We consider signals \({y}\) drawn at random with coordinates \({y}_{\ell } = a_{\ell } + i b_{\ell }\), where \(a_{\ell }\) and \(b_{\ell }\) are independent identically distributed standard Gaussian random variables. We assume that the \(|y_{\ell }|\) are known, so the phases of the \({y}_{\ell }\) are our unknown ground truth entries \({x}_{\ell } = e^{i\varphi _{\ell }}\).

In most of the following examples, we fix the dimension to be \(d = 64\) and the parameter \(\delta =16\), so that approximately half of the pairwise phase differences are known. For each point in the figures we generated 30 test signals and plot the average norm of the error. All experiments were performed on the laptop running Windows 10 Pro with an Intel(R) Core(TM) i7-8550U processor, with 16 GB RAM and Matlab R2018b. Our ER implementation is based on the BlockPR software package [13]. For the SDP, we used SeDuMi solver available at [25].

We begin with the comparison of the recovery guarantees for the different weight matrices covered by Corollaries  12, and 3 in terms of the angular noise level \(\alpha \) measured in degrees. To put the bounds into perspective, we include the empirical error of both SDP and ER.

In a view of the fact that the coordinates of \(\tilde{x}\) and \({x}\) have modulus 1 and Inequality (27), a naïve bound for the phase error is given by

$$\begin{aligned} \min _{\theta \in [0, 2\pi )} \left\Vert \tilde{x} - e^{i\theta } {x} \right\Vert _{2}^{2} = \left\Vert \tilde{x} \right\Vert _{2}^{2} + \left\Vert {x} \right\Vert _{2}^{2} - 2 |\tilde{x}^{*} {x}| \le 2 d. \end{aligned}$$
(34)

Beyond this threshold, the error bounds provided by the statements are non-informative, which is why we indicate the threshold by a dashed black line in the plots.
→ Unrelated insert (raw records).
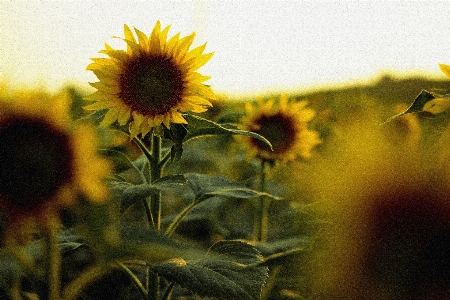 Plant sky field sunlight Photo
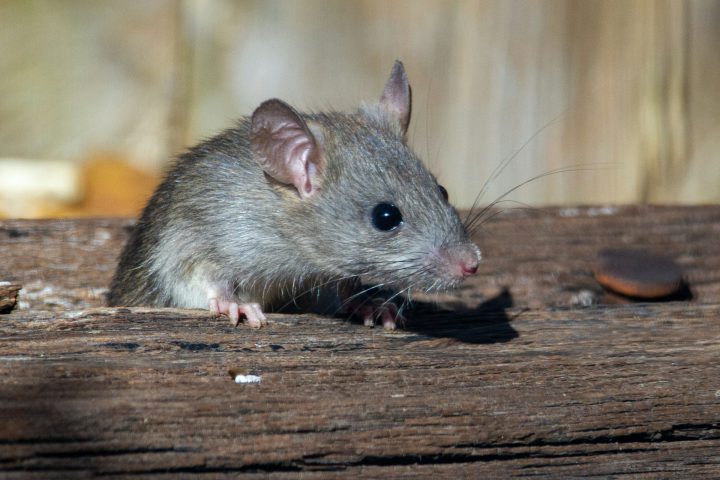 Rat / rodent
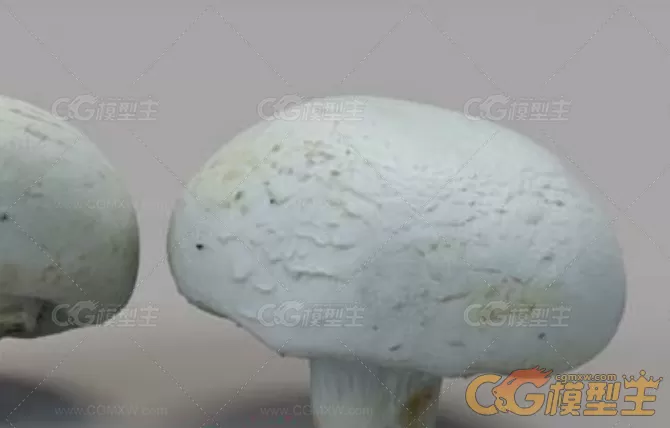 饺子木薯切片南瓜土豆炸鸡麦片甜麦圈蘑菇西葫芦C4D模型-3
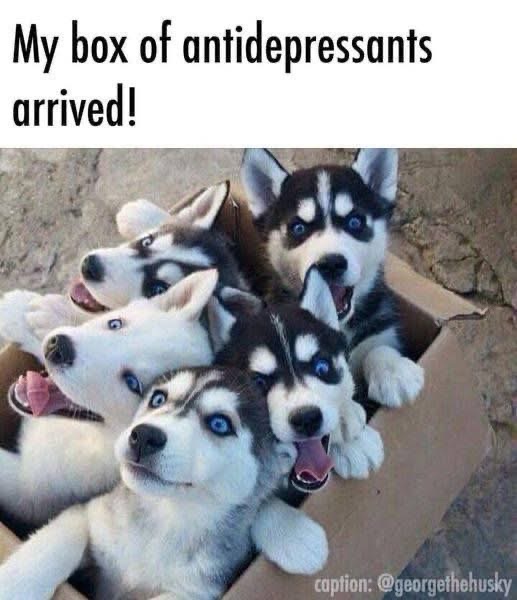 When your therapist sends you your prescription refill and it's a box of puppies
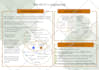 create a professional infographic design in 4 hours
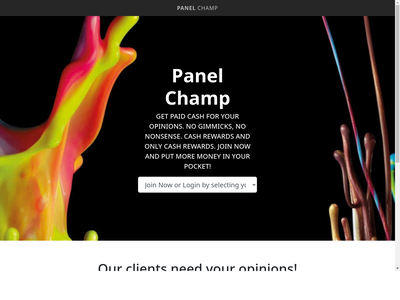 Panel Champ website screenshot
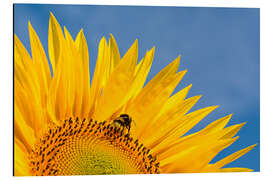 Aluminium print Sunflower against blue sky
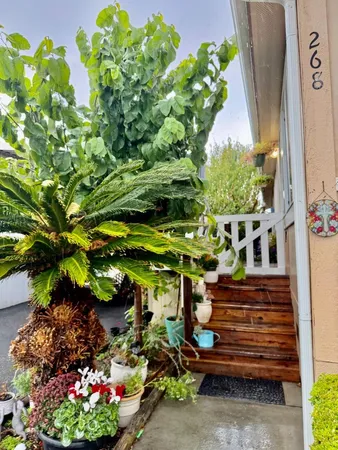 a view of a garden with flowers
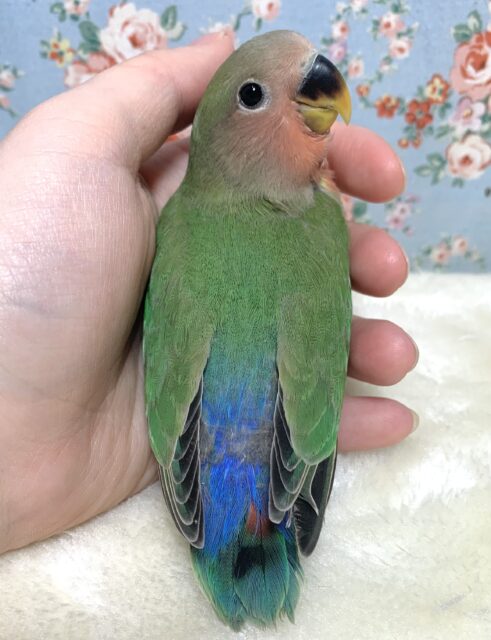 コザクラインコ（小桜インコ）
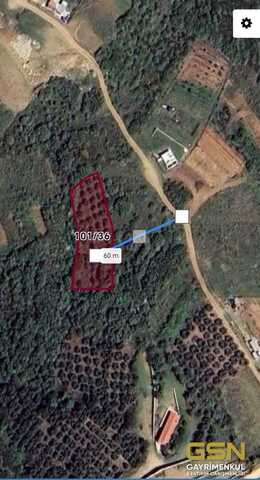 3-BALIKESİR BANDIRMA SAHİL YENİCEDE DENİZ MANZARALI SATILIK ZEYTİNLİK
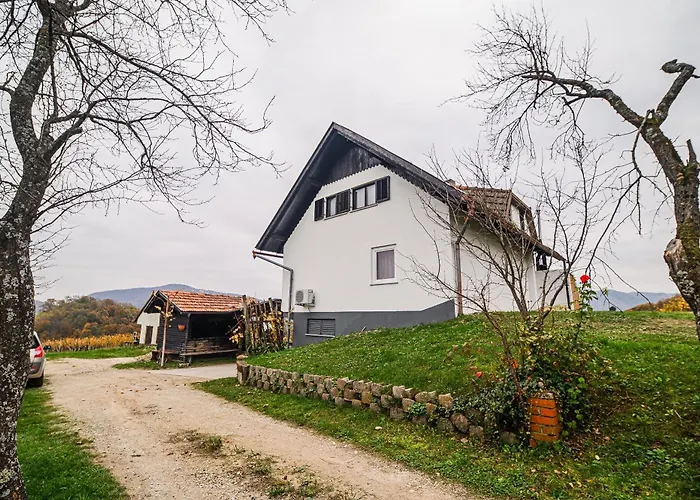 Διαμέρισμα Trta With Vineyard View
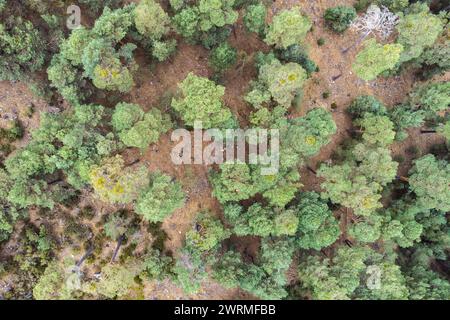 Une vue à vol d'oiseau capture la canopée luxuriante d'une forêt dense, mettant en valeur diverses nuances de vert et les textures de la cime des arbres. Banque D'Images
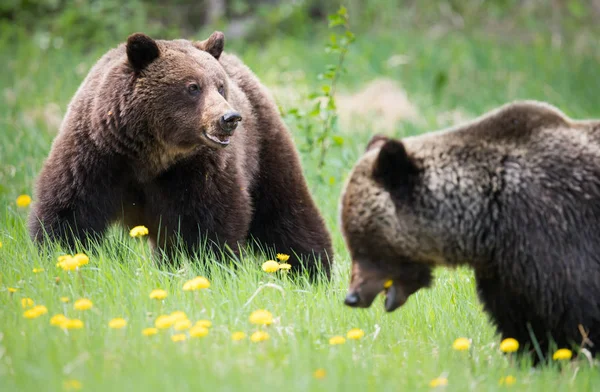 Grizzly Beren Het Wild Dieren Natuur Fauna — Stockfoto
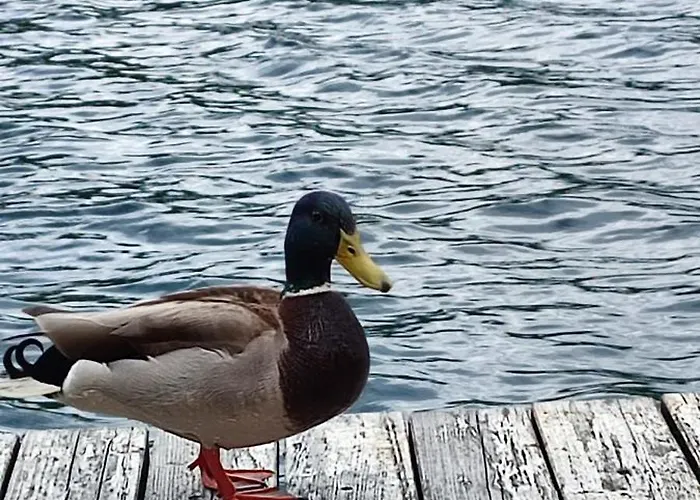 Splav Wake At The 아파트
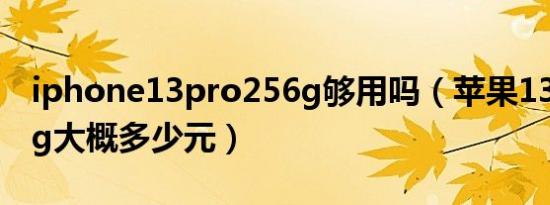 iphone13pro256g够用吗（苹果13pro256g大概多少元）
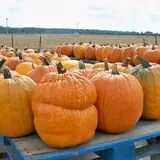 Britt's Garden Acres Scary Maze photo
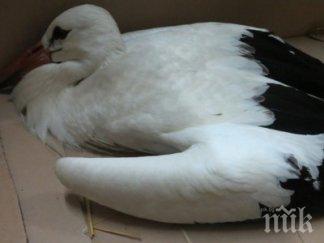 добра новина спасиха ранено щъркелче снимка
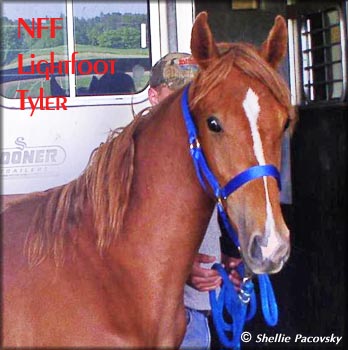NFF LIGHTFOOT TAYLOR TWHBEA &nbsp;TWHBEA #20605107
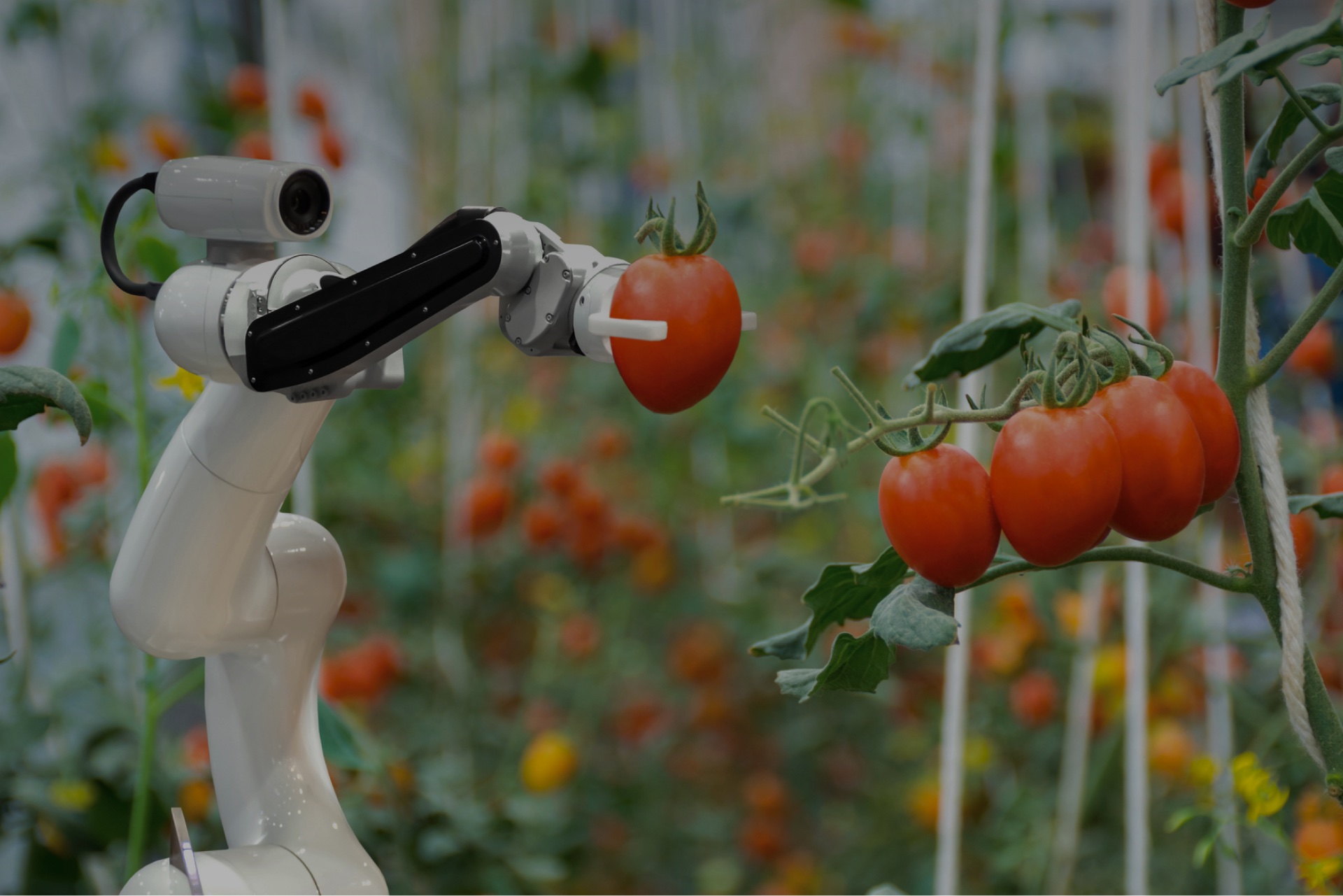 THE FUTURE OF FOOD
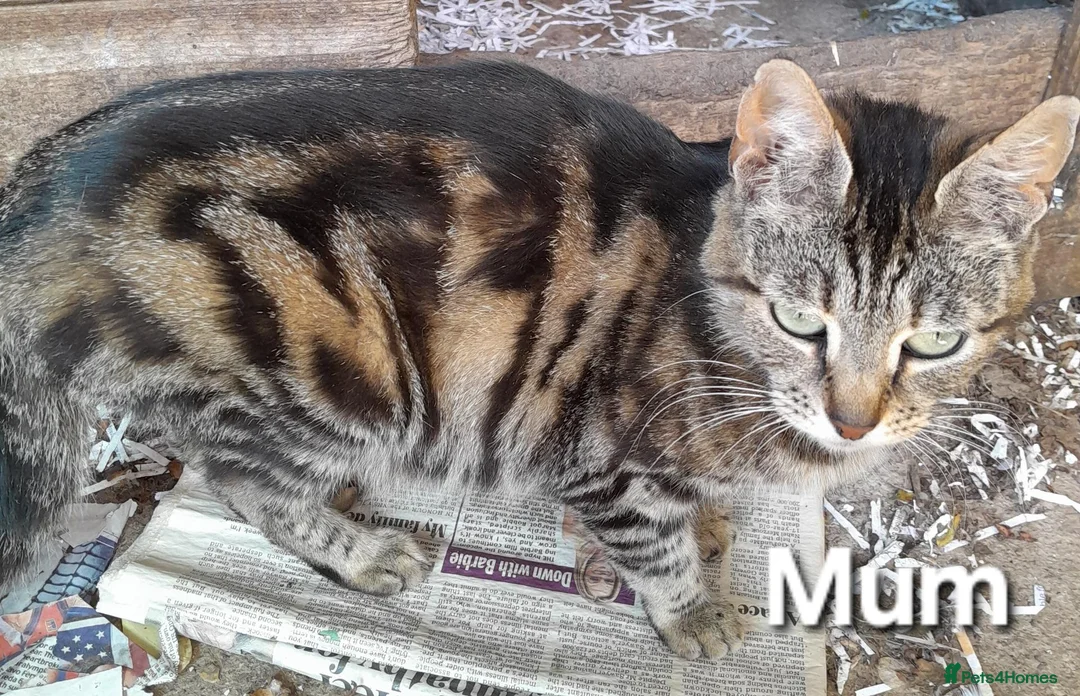 Domestic Shorthair cats for sale: Knowledgeable homes required- orphan kittens - Advert 1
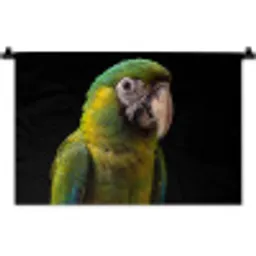 Ara - Portret - Groen Wandkleed katoen klein -zz3d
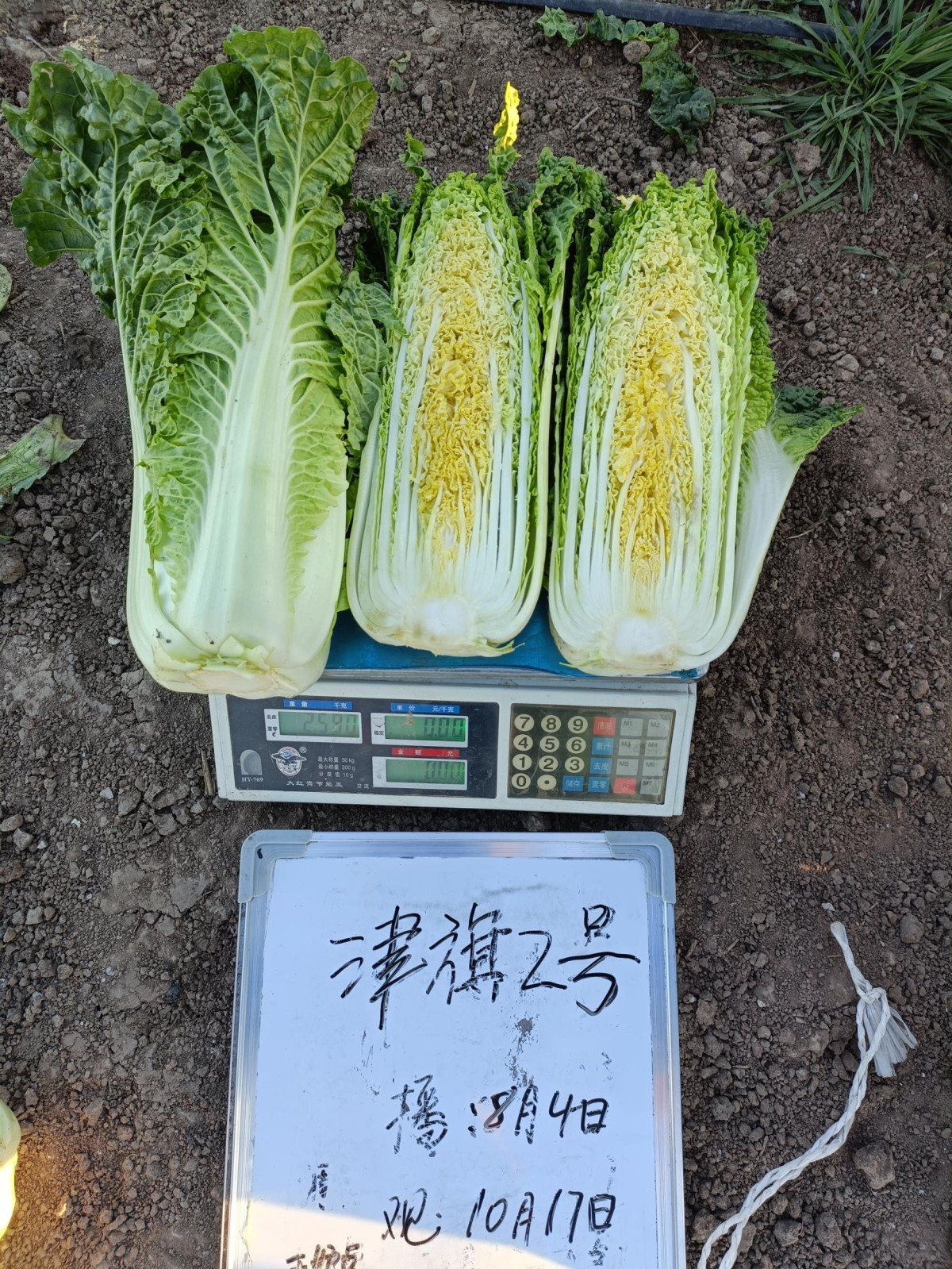 津旗2號白菜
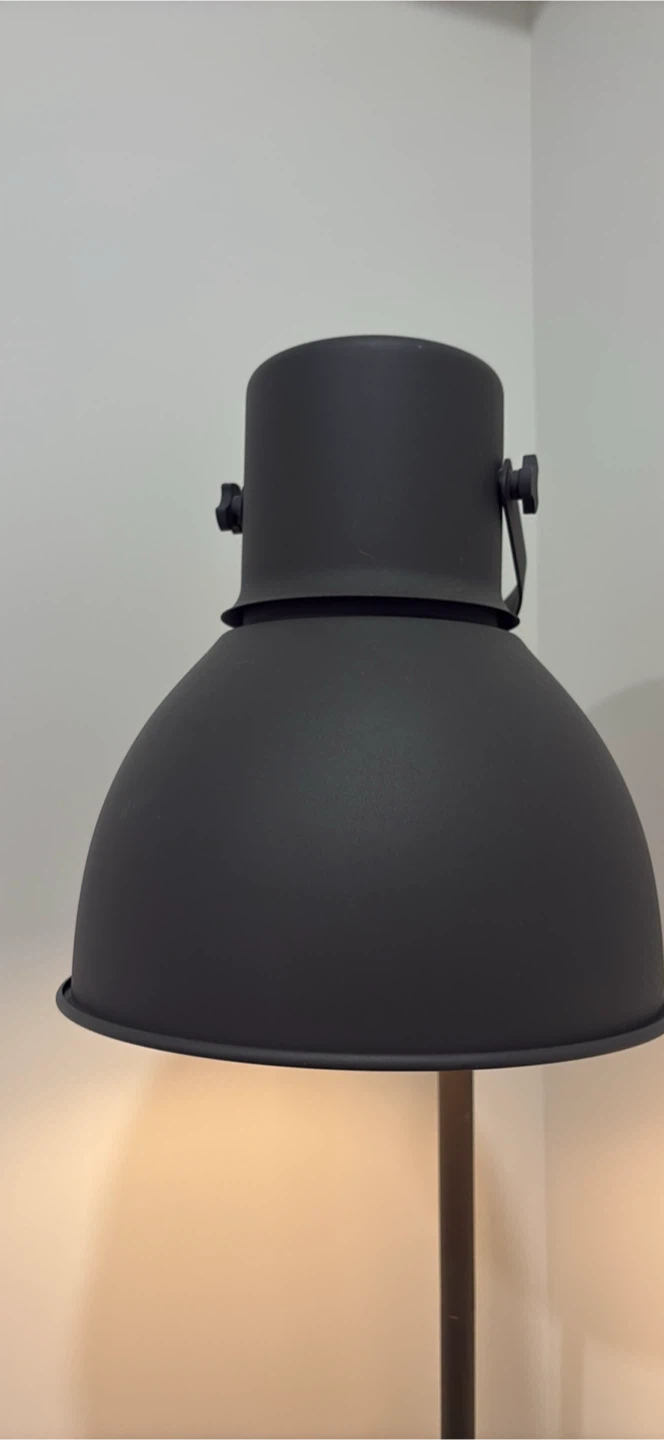 Standing Lamp - photo 4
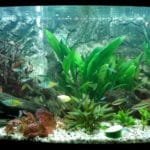 mijn gezelschaps aquarium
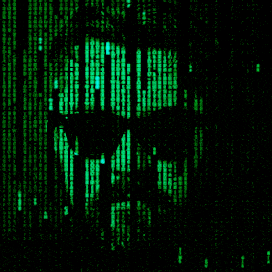 1-1 Masterclass Carding - Online Coaching via Team Viewer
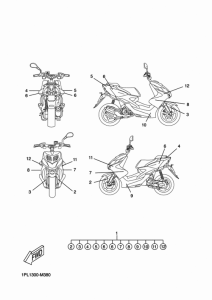 NS50N Graphic & emblem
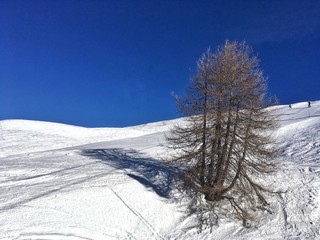 albero a bordo pista da sci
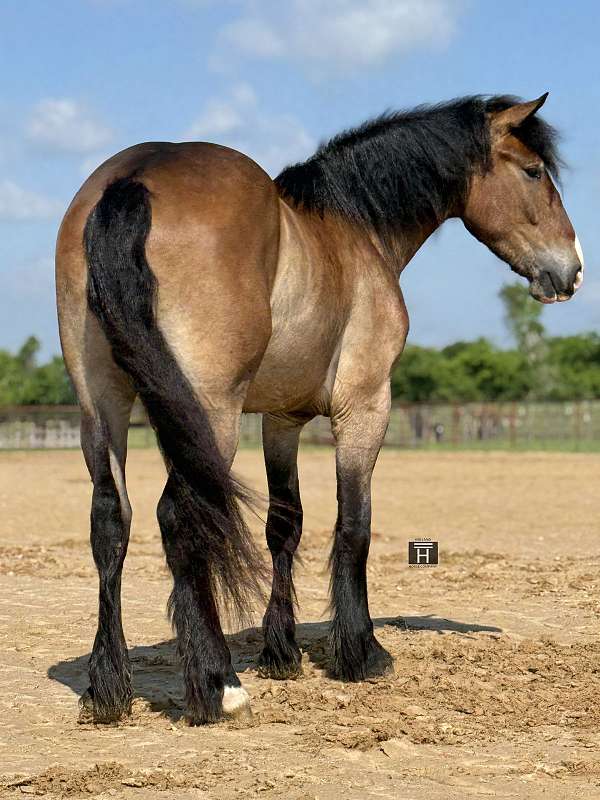 ranch-work-draft-horse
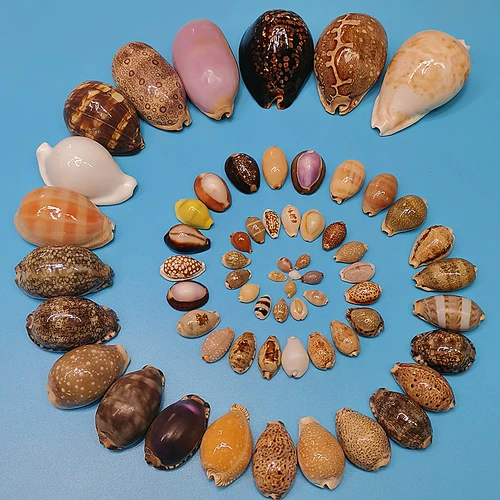 Натуральные редкие раковины сокровища с самин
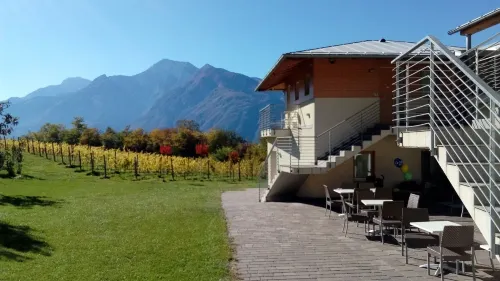 Agritur Ponte Alto - pet friendly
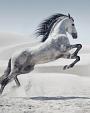 Galopperend paard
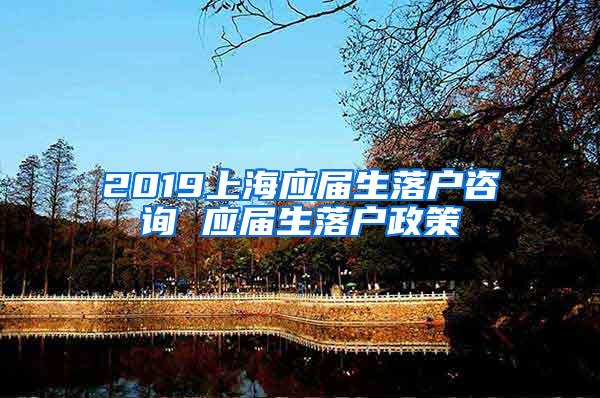 2019上海应届生落户咨询 应届生落户政策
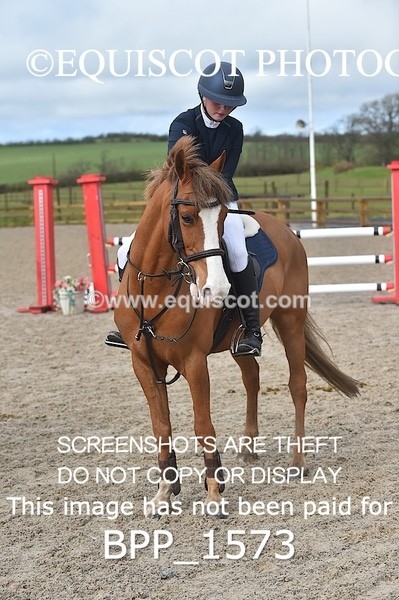 BPP_1573 - CLASS 7 Pony Discovery / 90cm Open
Figure 1 shows the empirical performance of the SDP and the error bounds for the LSP. While for unweighted graphs Theorems 2 and Inequality (3.B) exhibit comparable behavior, for weighted graphs established Corollaries improve on results of Inequality (3.B). The crucial observation is that the SDP is not tight for weighted graphs even when the noise level is as small as \(10^{-3}\) degrees and only tight for unweighted when noise level is below few degrees. This implies that the error bounds for LSP are no longer applicable for the SDP.

Turning to the ER (Fig. 2), we observe a similar behavior. Recovery guarantees for ER provided by Corollary 1 and Theorem  5 are close in unweighted case and Corollaries 2 and  3 improves on bound provided by Theorem 5 for weighted graphs. As before, for noise above few degrees the supremum norm of the ER solution deviates from 1, what indicates that the relaxation is not tight. In contrast to the SDP, the established recovery guarantees for the ER remain applicable for all noise levels.

Fig. 1
figure 1

ac Comparison of the recovery guarantees and true errors of SDP and LSP for angular synchronization in the context of the ptychography problem, \(d = 64\), \(\delta =16\). d Rank of the SDP solution as a measure for the tightness of the relaxation

Fig. 2
figure 2

a-c Comparison of the recovery guarantees and true errors of ER for angular synchronization in the context of the ptychography problem, \(d = 64\), \(\delta =16\). d Supremum norm of the ER solution as a measure for the tightness of the relaxation

Fig. 3
figure 3

Comparison of the recovery guarantees and true errors of LSP, SDP and ER for angular synchronization in the context of the ptychography problem, \(d = 64\), \(\delta =16\)

Fig. 4
figure 4

Comparison of the recovery guarantees and true errors of LSP, SDP and ER for scaled norms, \(d = 64\), \(\delta =16\)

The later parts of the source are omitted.